Assignment: Please, without any pictures, set down exactly the part of the listing below that opens with the line containing "12V Ignition Coil" and closes with the line containing "Custom fashion two".

Exercise materials:
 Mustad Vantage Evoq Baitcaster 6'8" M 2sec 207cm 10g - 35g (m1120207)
...
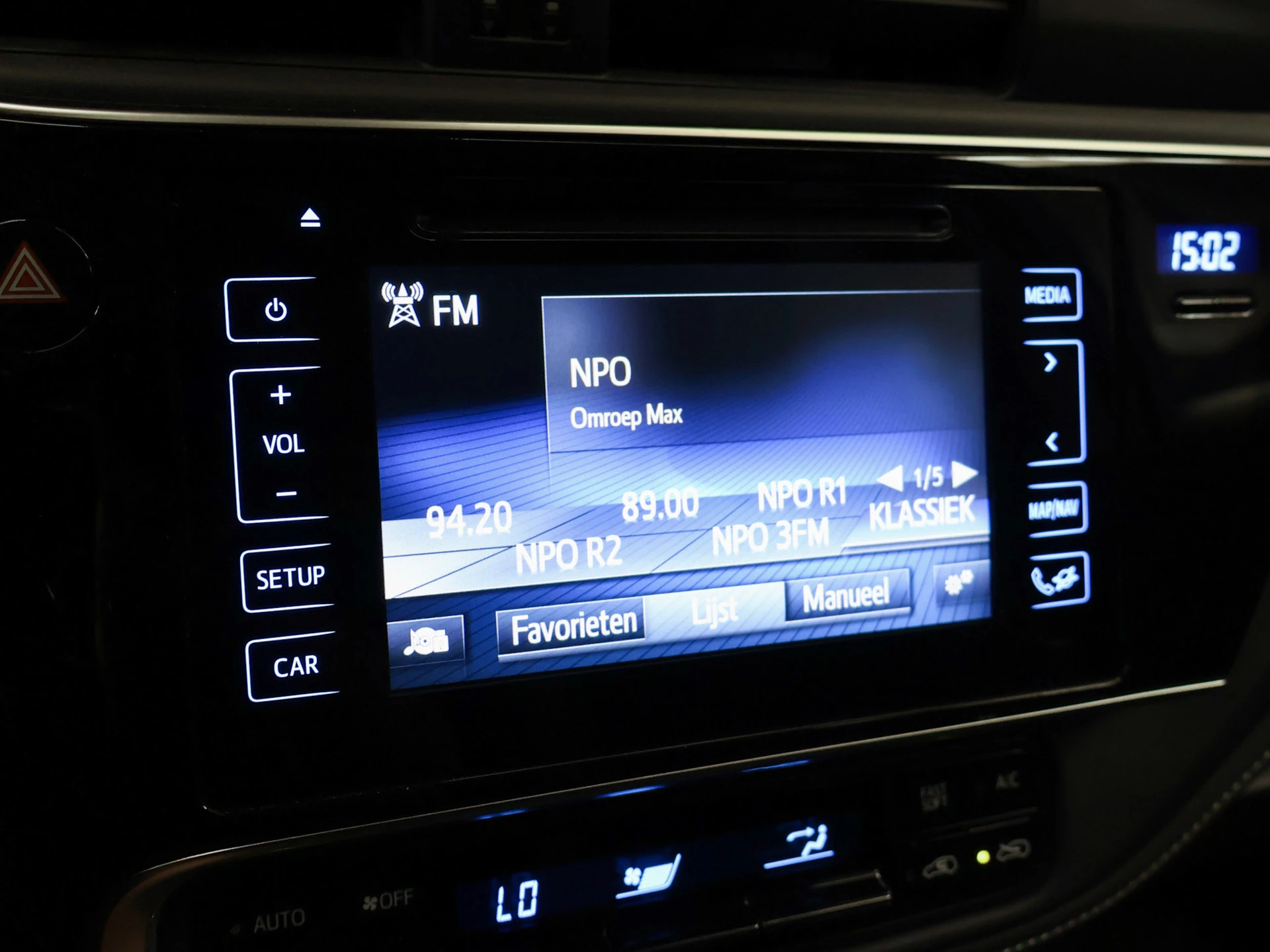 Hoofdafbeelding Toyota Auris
--
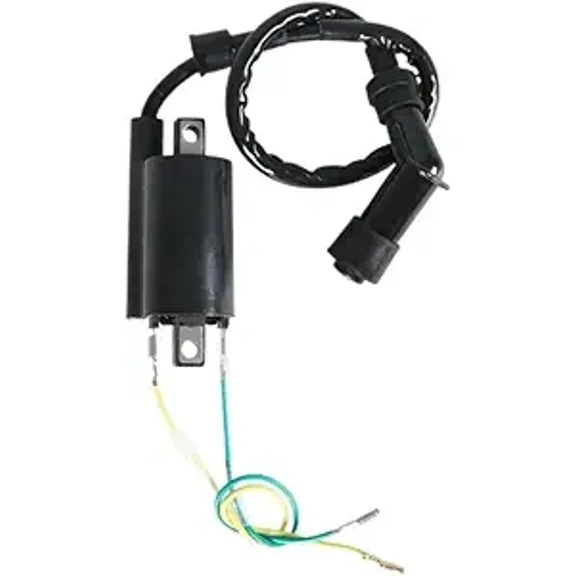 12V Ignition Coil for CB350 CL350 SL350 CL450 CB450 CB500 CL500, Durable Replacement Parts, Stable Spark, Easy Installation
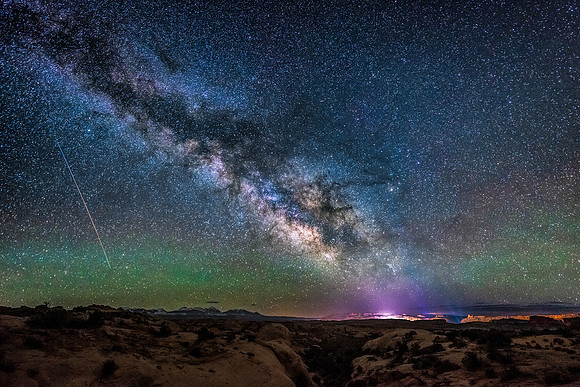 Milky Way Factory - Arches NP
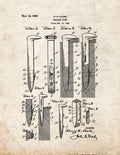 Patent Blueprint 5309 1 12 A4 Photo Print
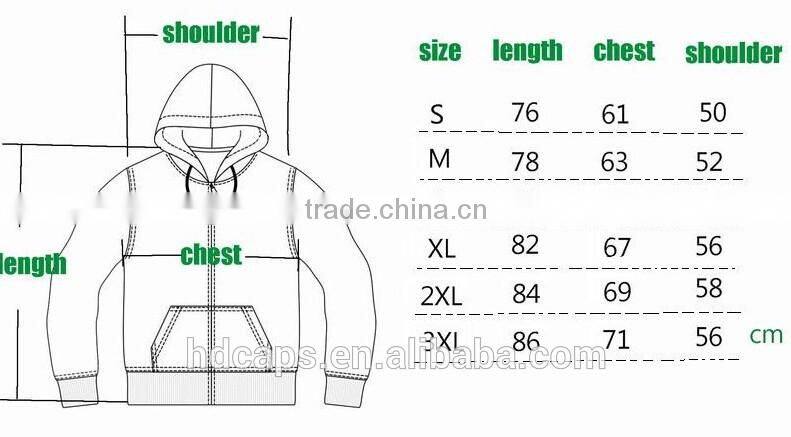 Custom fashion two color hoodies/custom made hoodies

Output of the exercise:
 12V Ignition Coil for CB350 CL350 SL350 CL450 CB450 CB500 CL500, Durable Replacement Parts, Stable Spark, Easy Installation
 Milky Way Factory - Arches NP
 Patent Blueprint 5309 1 12 A4 Photo Print
 Custom fashion two color hoodies/custom made hoodies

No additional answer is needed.